→ Information provided
+===+

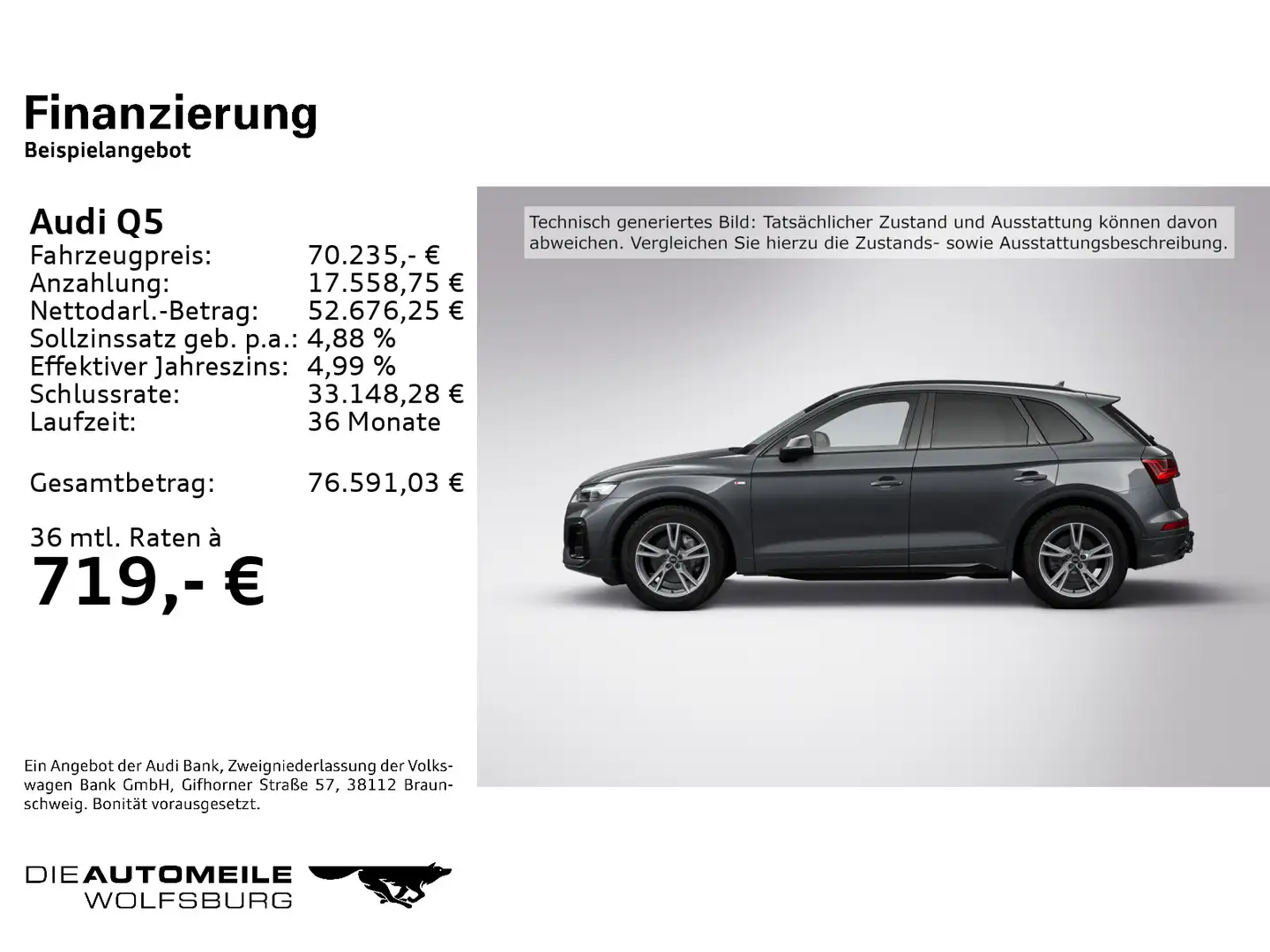 Audi Q5 (FYG)(06.2020->) 40 TDI quattro S line Grau - 2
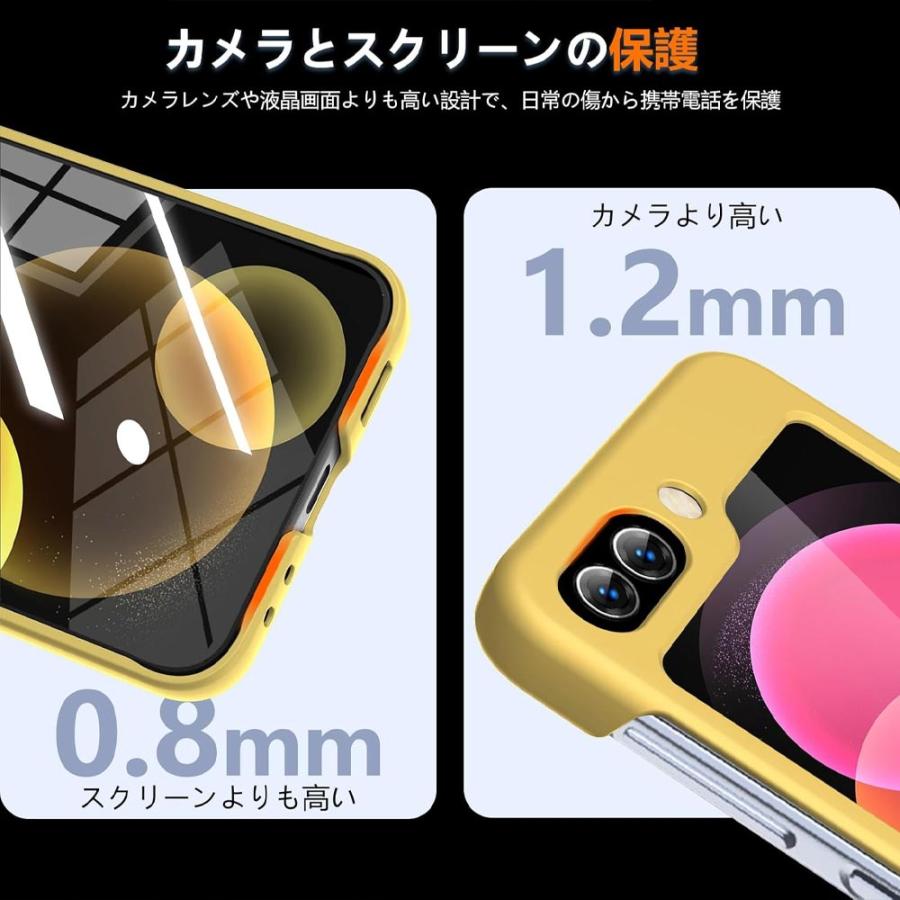 ギャラクシーGalaxy Z Flip6 ケース PC マット 指紋防止 Magsafe対応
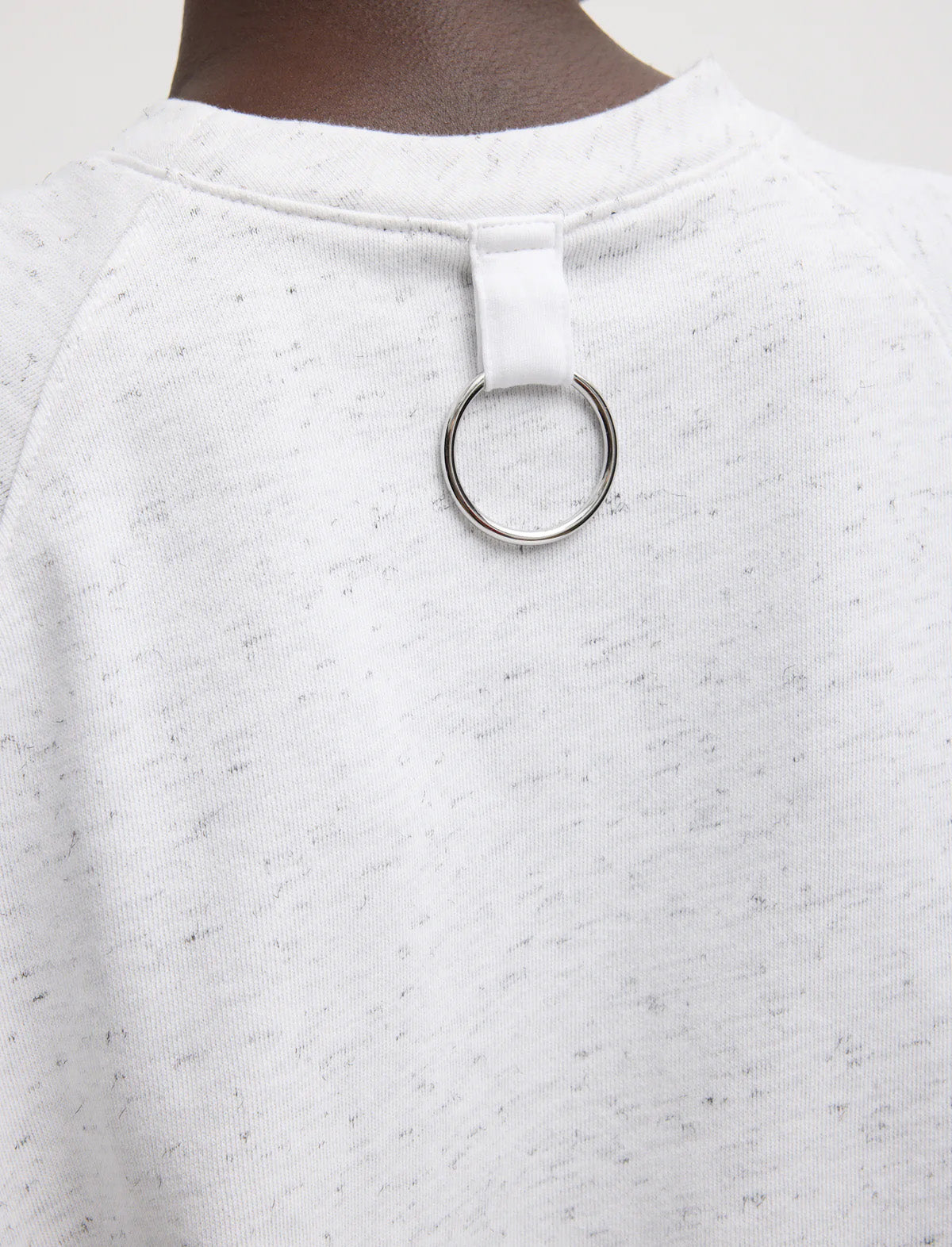 TIBI Spring Tweedy Sweatshirting Sleeveless Easy Top in White Multi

+===+

All of the data should come back exactly as written, but without pictures.

→ Task result
 Audi Q5 (FYG)(06.2020->) 40 TDI quattro S line Grau - 2
 ギャラクシーGalaxy Z Flip6 ケース PC マット 指紋防止 Magsafe対応
 TIBI Spring Tweedy Sweatshirting Sleeveless Easy Top in White Multi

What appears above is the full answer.